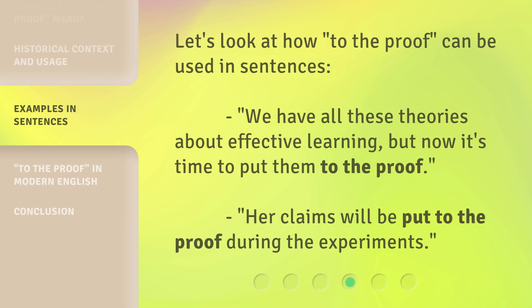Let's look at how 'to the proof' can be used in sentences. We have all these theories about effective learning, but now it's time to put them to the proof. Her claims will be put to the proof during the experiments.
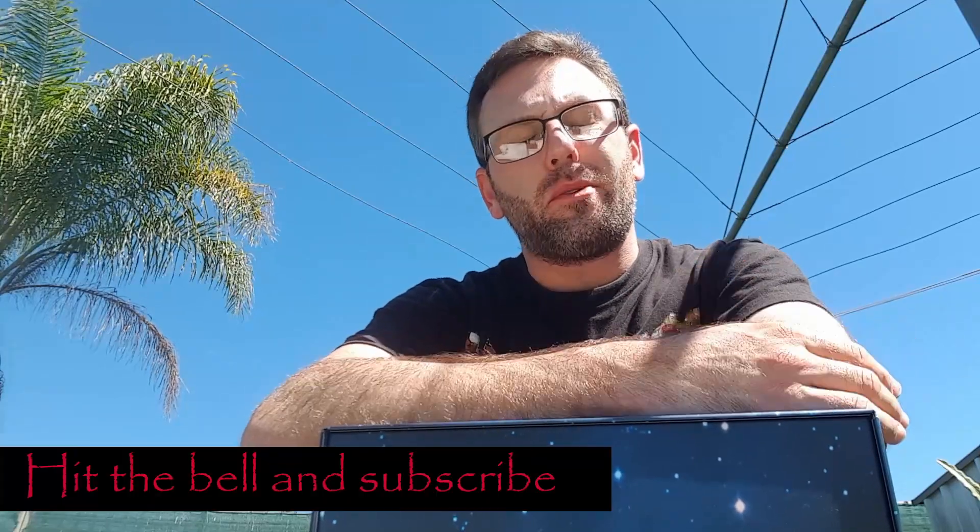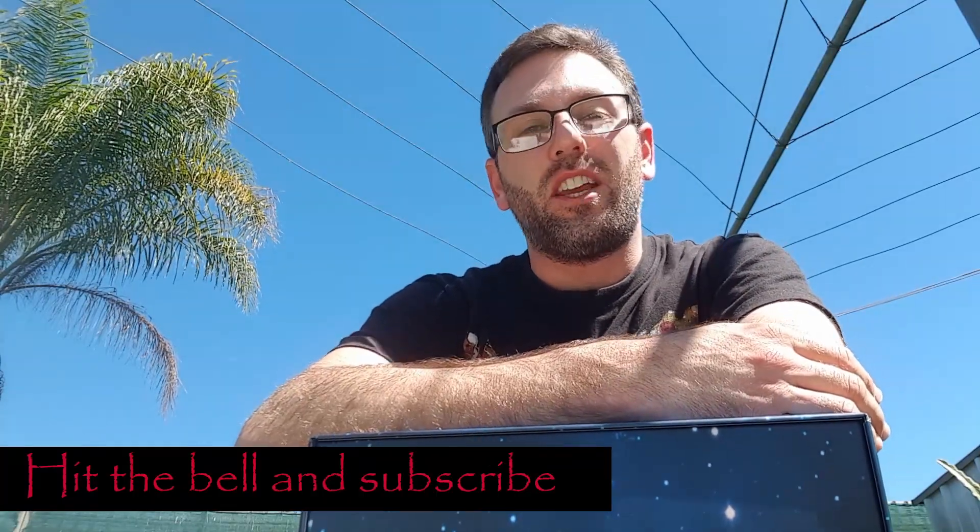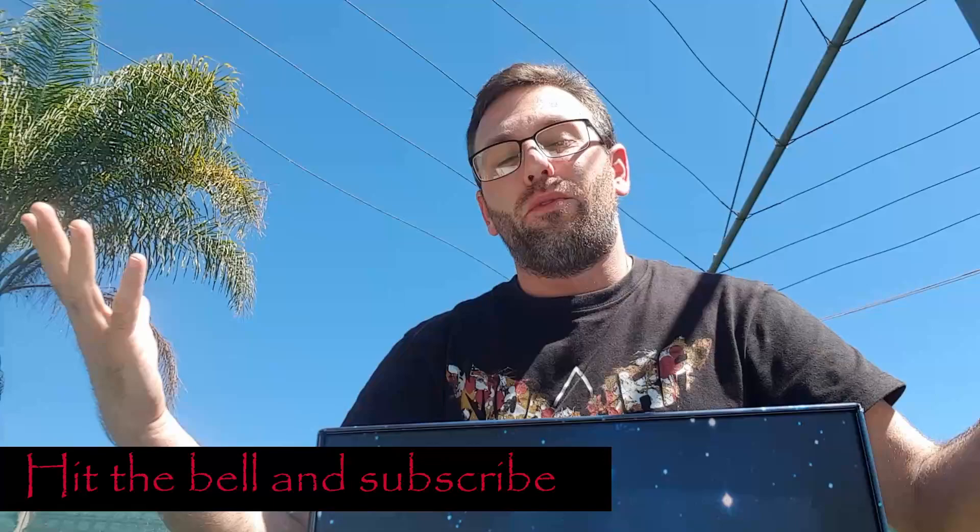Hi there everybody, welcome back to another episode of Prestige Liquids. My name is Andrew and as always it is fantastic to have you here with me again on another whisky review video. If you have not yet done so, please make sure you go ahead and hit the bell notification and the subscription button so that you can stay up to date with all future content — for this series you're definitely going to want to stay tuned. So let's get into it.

* * *

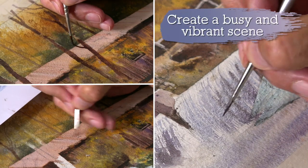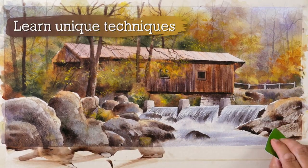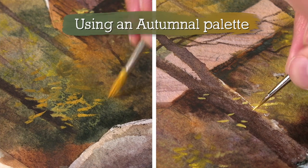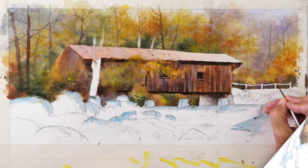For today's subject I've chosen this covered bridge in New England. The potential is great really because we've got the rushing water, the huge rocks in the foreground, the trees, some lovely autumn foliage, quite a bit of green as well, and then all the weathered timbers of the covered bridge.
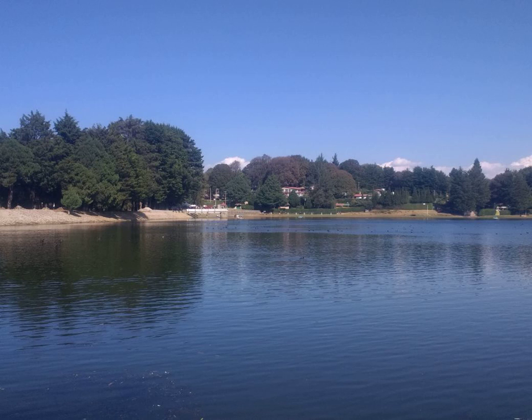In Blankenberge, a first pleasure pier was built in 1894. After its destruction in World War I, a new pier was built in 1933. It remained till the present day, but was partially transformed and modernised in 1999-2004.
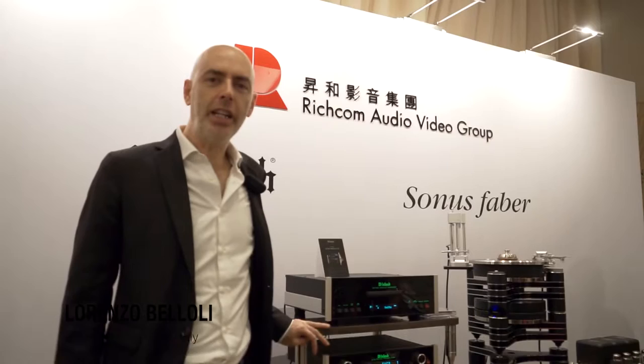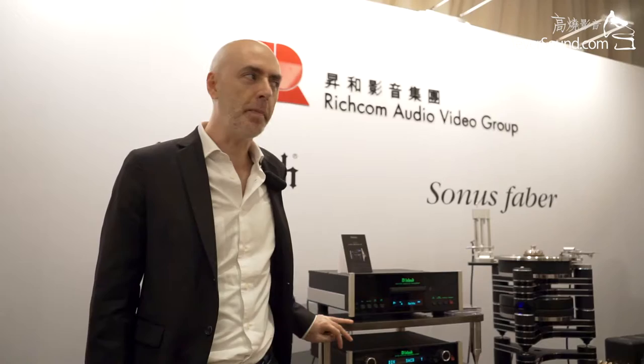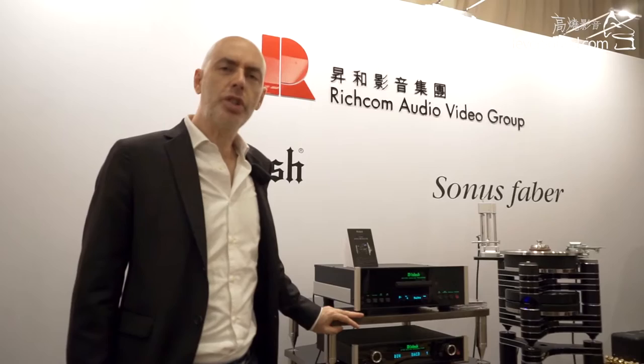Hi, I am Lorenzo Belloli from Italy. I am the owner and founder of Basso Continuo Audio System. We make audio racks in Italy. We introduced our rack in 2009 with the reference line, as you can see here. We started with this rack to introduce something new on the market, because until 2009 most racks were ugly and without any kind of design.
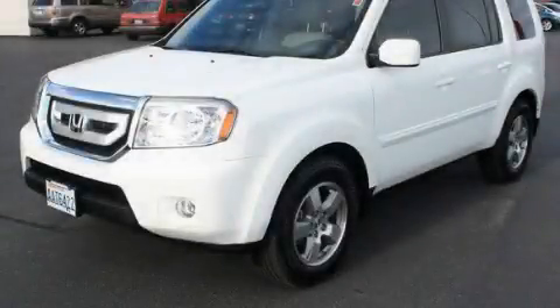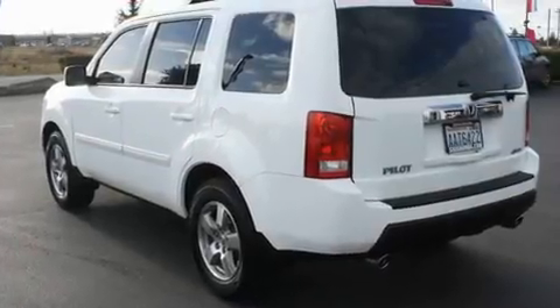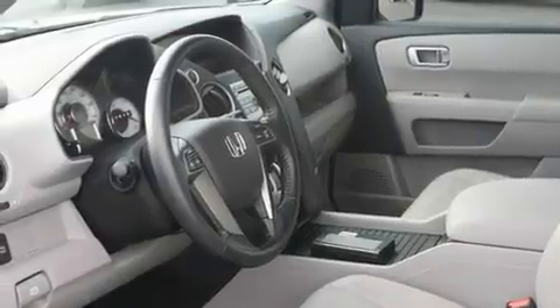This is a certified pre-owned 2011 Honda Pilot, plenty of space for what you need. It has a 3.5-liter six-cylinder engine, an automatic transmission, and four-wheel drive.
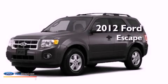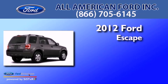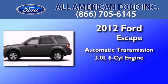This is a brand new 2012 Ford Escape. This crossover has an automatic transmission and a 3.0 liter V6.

» Task details:
Repeat exactly, and only, the entries from the line with "Let's look at" through the line with "Hi there everybody, welcome". Pictures are skipped.

» Exercise answer:
Let's look at how 'to the proof' can be used in sentences. We have all these theories about effective learning, but now it's time to put them to the proof. Her claims will be put to the proof during the experiments.
Hi there everybody, welcome back to another episode of Prestige Liquids. My name is Andrew and as always it is fantastic to have you here with me again on another whisky review video. If you have not yet done so, please make sure you go ahead and hit the bell notification and the subscription button so that you can stay up to date with all future content — for this series you're definitely going to want to stay tuned. So let's get into it.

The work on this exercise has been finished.